This inspection constituted two MSPI residual heat removal system samples as defined

in IP 71151-05.

25 Enclosure

b. Findings

No findings of significance were identified.

.5 Mitigating Systems Performance Index - Cooling Water Systems

a. Inspection Scope

The inspectors sampled licensee submittals for the Unit 1 and Unit 2 Mitigating Systems

Performance Index - Unit 1 and Unit 2 Cooling Water Systems performance indicator for

Byron Unit 1 and Unit 2 for the period from the fourth quarter 2007 through the third

quarter 2008. To determine the accuracy of the PI data reported during those periods,

PI definitions and guidance contained in the NEI Document 99-02, Regulatory

Assessment Performance Indicator Guideline, Revision 5, were used. The inspectors

reviewed the licensees operator narrative logs, issue reports, MSPI derivation reports,

event reports, and NRC Integrated Inspection Reports for the period of October 2007

through September 2008 to validate the accuracy of the submittals. The inspectors

reviewed the MSPI component risk coefficient to determine if it had changed by more

than 25 percent in value since the previous inspection, and if so, that the change was in

accordance with applicable NEI guidance. The inspectors also reviewed the licensees

issue report database to determine if any problems had been identified with the PI data

collected or transmitted for this indicator and none were identified. Documents reviewed

are listed in the Attachment to this report.

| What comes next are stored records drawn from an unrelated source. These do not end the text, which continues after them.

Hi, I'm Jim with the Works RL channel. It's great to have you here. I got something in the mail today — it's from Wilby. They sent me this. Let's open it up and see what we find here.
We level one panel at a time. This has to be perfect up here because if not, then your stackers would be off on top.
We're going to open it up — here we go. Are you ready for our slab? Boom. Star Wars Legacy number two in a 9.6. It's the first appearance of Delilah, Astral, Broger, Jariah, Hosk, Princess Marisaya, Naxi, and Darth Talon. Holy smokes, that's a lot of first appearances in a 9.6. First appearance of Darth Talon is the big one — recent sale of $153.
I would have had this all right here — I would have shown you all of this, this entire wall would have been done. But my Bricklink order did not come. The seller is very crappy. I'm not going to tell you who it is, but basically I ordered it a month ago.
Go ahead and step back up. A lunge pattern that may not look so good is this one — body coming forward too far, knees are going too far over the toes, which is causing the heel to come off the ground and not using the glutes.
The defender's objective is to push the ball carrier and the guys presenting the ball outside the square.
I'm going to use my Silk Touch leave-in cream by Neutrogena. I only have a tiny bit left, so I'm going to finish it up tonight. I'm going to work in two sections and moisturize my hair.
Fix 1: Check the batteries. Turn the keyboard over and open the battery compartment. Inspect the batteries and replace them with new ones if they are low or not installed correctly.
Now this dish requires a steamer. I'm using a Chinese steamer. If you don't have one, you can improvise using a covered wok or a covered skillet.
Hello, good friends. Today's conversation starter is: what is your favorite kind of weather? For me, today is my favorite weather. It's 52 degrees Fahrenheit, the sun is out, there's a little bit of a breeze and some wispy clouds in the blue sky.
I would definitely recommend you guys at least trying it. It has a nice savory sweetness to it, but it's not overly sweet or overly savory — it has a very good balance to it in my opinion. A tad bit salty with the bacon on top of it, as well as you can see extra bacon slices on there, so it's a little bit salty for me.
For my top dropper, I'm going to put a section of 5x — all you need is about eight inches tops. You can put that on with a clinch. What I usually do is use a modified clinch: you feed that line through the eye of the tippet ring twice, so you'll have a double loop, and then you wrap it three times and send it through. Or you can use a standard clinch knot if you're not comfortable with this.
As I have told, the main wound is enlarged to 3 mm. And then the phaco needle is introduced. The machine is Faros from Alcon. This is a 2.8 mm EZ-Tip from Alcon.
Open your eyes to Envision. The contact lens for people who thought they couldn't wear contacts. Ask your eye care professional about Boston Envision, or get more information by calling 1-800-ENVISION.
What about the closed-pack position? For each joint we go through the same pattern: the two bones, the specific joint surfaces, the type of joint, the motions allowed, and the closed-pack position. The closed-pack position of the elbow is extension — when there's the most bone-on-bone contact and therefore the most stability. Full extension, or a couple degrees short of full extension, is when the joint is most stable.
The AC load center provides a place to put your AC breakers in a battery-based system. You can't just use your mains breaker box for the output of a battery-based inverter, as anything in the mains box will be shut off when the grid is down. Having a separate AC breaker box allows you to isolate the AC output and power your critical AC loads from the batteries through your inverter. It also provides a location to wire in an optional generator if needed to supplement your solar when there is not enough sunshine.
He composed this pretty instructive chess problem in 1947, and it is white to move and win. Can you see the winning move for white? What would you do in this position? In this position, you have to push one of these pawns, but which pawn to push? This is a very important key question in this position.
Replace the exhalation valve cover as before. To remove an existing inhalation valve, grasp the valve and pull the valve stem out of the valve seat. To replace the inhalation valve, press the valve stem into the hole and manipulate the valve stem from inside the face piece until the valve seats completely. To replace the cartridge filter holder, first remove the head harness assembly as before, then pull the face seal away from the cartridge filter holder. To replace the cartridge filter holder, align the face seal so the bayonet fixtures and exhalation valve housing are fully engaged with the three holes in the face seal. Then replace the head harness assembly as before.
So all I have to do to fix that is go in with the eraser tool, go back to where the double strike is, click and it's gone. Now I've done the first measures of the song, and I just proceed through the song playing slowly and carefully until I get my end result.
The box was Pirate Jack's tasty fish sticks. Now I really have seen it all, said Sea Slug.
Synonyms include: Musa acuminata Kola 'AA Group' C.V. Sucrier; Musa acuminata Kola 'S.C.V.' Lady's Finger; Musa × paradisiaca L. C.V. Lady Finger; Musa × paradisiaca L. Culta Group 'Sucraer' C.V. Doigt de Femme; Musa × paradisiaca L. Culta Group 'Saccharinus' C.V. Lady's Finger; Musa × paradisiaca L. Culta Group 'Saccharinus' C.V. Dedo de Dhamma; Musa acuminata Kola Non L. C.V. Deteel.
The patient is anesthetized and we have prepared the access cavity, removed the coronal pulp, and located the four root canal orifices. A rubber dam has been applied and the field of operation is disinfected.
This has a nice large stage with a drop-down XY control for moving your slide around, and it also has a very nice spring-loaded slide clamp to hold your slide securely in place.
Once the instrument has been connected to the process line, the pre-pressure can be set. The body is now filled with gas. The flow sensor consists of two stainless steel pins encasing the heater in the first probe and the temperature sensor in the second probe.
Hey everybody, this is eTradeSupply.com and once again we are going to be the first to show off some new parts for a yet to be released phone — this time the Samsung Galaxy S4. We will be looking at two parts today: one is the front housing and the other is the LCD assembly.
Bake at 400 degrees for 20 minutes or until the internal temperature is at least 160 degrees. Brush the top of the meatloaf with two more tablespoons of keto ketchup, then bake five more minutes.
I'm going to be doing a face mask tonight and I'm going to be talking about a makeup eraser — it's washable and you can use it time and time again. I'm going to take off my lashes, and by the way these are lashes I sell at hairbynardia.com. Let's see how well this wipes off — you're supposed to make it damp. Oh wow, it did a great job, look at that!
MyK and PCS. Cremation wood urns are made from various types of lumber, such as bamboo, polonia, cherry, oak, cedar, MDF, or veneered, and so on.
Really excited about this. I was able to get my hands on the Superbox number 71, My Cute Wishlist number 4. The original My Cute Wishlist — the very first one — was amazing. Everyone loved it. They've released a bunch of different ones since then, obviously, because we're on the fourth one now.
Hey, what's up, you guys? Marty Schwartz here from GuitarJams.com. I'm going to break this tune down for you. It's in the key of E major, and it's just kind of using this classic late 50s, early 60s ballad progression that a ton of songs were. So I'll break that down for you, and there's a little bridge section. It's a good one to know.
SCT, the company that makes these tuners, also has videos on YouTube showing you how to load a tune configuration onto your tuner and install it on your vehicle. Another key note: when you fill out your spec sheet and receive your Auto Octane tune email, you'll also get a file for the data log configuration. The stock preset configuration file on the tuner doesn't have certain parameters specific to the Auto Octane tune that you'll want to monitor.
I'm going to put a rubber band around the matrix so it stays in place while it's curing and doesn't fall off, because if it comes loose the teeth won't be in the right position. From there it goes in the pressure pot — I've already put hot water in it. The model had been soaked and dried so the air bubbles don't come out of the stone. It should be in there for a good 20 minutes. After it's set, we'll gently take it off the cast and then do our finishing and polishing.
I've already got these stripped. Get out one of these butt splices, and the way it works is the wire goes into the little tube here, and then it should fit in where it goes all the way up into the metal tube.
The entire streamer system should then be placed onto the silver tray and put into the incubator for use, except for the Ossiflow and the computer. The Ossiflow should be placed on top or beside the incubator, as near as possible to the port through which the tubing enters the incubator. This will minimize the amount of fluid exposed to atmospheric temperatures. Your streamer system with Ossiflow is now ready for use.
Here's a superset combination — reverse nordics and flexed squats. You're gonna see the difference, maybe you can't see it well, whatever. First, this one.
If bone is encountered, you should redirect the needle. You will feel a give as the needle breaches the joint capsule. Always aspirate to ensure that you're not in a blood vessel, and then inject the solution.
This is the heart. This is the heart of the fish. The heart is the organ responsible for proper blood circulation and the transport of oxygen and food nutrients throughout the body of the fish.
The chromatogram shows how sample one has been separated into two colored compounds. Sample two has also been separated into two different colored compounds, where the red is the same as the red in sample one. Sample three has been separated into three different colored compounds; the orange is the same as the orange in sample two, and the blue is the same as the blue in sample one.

This inspection constituted two MSPI cooling water system samples as defined in

IP 71151-05.

b. Findings

No findings of significance were identified.

.6 Reactor Coolant System Specific Activity

a. Inspection Scope

The inspectors sampled licensee submittals for the Reactor Coolant System (RCS)

Specific Activity performance indicator for the period of June 2007 through August 2008

to determine the accuracy of the PI data reported during those periods, PI definitions

and guidance contained in the NEI Document 99-02, Regulatory Assessment

Performance Indicator Guideline, Revision 5, were used. The inspectors reviewed the

licensees RCS chemistry samples, TS requirements, issue reports, event reports and

NRC Integrated Inspection Reports for the period of June 2007 through August 2008 to

validate the accuracy of the submittals. The inspectors also reviewed the licensees

issue report database to determine if any problems had been identified with the PI data

collected or transmitted for this indicator and none were identified. In addition to record

reviews, the inspectors observed a chemistry technician obtain and analyze a reactor

coolant system sample. Documents reviewed are listed in the Attachment to this report.

This inspection constituted two reactor coolant system specific activity samples as

defined in IP 71151-05.

26 Enclosure

b. Findings

No findings of significance were identified.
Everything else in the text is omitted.